Tad Israēla bērnu uzraugi redzēja, ka viņi postā, tāpēc ka sacīja: jums nebūs atraut no nospriestā dienas darba ķieģeļiem.
20 Firavunun yanından ayrılınca, kendilerini bekleyen Musa'yla Harun'a çıkıştılar.
Un tie sastapa Mozu un Āronu, kas tur stāvēja tos sagaidīt, kad tie no Faraona izgāja,
21 “RAB yaptığınızı görsün, cezanızı versin!” dediler, “Bizi firavunla görevlilerinin gözünde rezil ettiniz. Bizi öldürmeleri için ellerine bir kılıç verdiniz.”
Un sacīja uz tiem: lai Tas Kungs jūs redz un soda, tāpēc ka jūs mūsu smaržu esat smirdošu darījuši pie Faraona un pie viņa kalpiem, viņiem rokā dodami zobenu, mūs nokaut.

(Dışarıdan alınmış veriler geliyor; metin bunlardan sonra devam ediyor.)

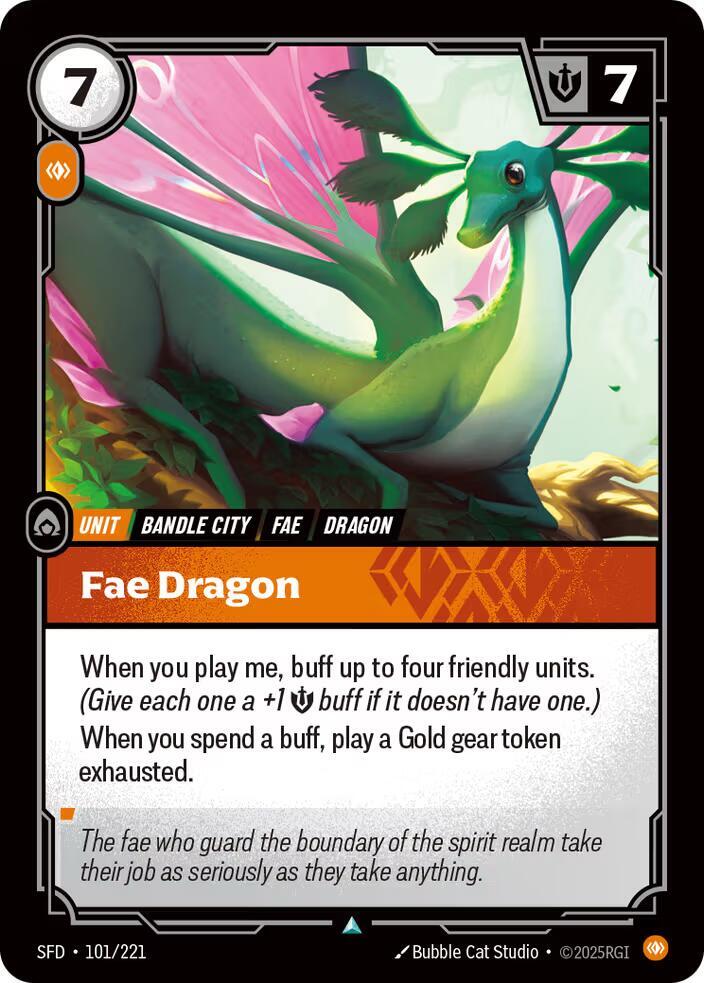 Fae Dragon 101/221 card from Spiritforged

22 Musa RAB'be döndü ve, “Ya Rab, niçin bu halka kötü davrandın?” dedi, “Beni bunun için mi gönderdin?
Tad Mozus atgriezās pie Tā Kunga un sacīja: Kungs, kāpēc Tu šiem ļaudīm esi darījis ļaunu? Kāpēc tad Tu mani esi sūtījis?
23 Senin adına firavunla konuşmaya gittim gideli firavun bu halka kötü davranıyor. Sen de kendi halkını kurtarmak için hiçbir şey yapmadın.”
Jo kamēr es esmu gājis pie Faraona, runāt Tavā vārdā, viņš tiem ļaudīm dara ļaunu, un Tu Savus ļaudis glābt neesi glābis.